Archiving Data Permanently

Mike McCarty mike.mccarty at sbcglobal.net
Tue Aug 16 20:13:01 UTC 2005


Reuben D. Budiardja wrote:
> Hello,
> I'm wondering if people could give me suggestion about the most economical 
> ways to archive data more permanently. Often time we want to clean up some 
> harddrive from machines in our offices, and we want to archive the data first 
> before we wipe it out, just in case we need them in the future, though 
> unlikely. What's the best way to do this in cases like that ? I am talking 
> about 20GB - 75GB size data maybe. 
> 
> What I've done so far is just tar-bzip2-ed all the files and directory to a 
> single .tar.bz2 file. Then I am planning to use 'split' to split it and then 
> write them to like CD or DVD, but this could easily takes many discs. Are 
> there any other more economical ways ?  
> 
> Thank you for any help.
> 
> RDB
> 

Evenutally, a tape system will probably be more economical.

The jury is still out on data longevity of CDs and DVDs. Tape
is known to have 20+year longevity. OTOH, obtaining a drive
capable of reading a 20 year old tape may be problematical.
I would definitely not use re-writable CDs or DVDs. These have
been known not to be readable on the hardware that wrote
them after a year or two.

One thing to consider with regards to using compressed
images... they are intolerant of defects in the storage medium.
If you just use tar, then if there is an error in the storage
medium, you lose a file or two. If you have an error in
a compressed archive, you may lose extensive amounts of data.

When talking about *archiving* files, this may or may not
be acceptable.

I would eye archiving files with compressed format with a very
jaundiced eye.

In regards to using (as one suggested) an external disc drive...

Whatever storage medium you use should be kept off-site. If you
need an on-site copy, it should be considered just that... a copy.
If you have a disaster at your site, like a fire e.g, you would
likely lose everything there. If your data are really important,
store the archives off-site. Disc drives are not particularly
robust to being moved off-site and moved back.
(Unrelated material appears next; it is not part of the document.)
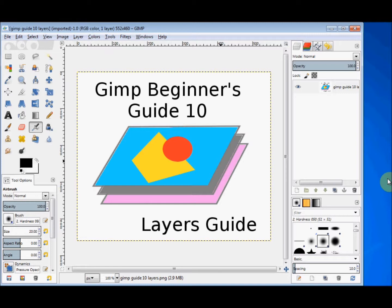With GIMP you can edit photos and images using a single layer, just as you do with many other photo editing programs. But with GIMP you can also get really creative and use multiple layers and transparencies. Layers are sort of like stacks of photos on a table — when they're all piled up you can only see the top photo, unless it is smaller than the others or has a transparent area or a hole in it. This video will give you a basic understanding of how layers work and how useful they can be.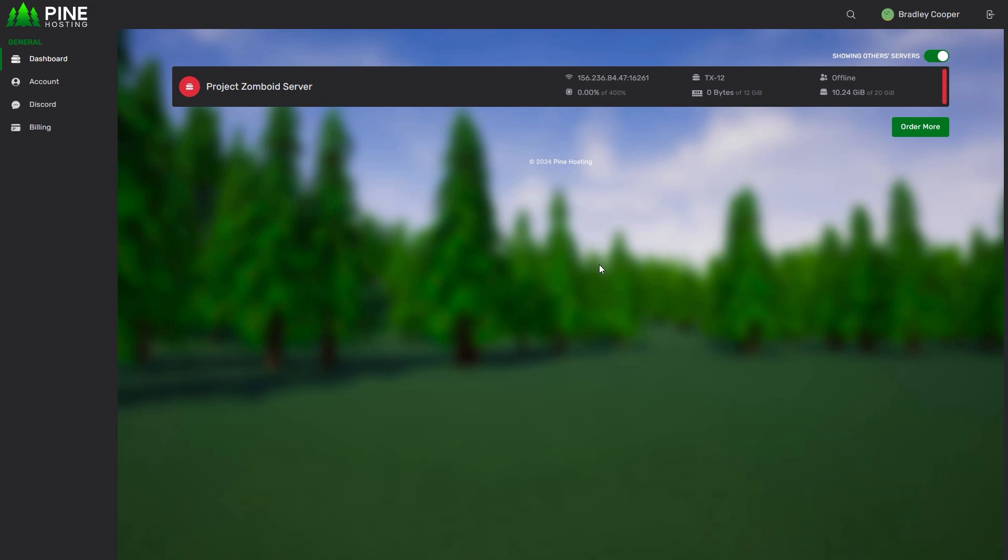So you just got your Project Zomboid server and now it's time to add mods. Sadly, Project Zomboid did not make this easy, but we've developed some custom and fully unique tools for Pine Hosting that makes this process at least a little bit easier than what it normally would be.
OTOH, if you have network capabilities to other computers located
at a distance, then archival over the network, using e.g. rsync,
is a very viable solution. It does not, however solve the problem
of backup of the remote system.

Mike
-- 
p="p=%c%s%c;main(){printf(p,34,p,34);}";main(){printf(p,34,p,34);}
This message made from 100% recycled bits.
You have found the bank of Larn.
I can explain it for you, but I can't understand it for you.
I speak only for myself, and I am unanimous in that!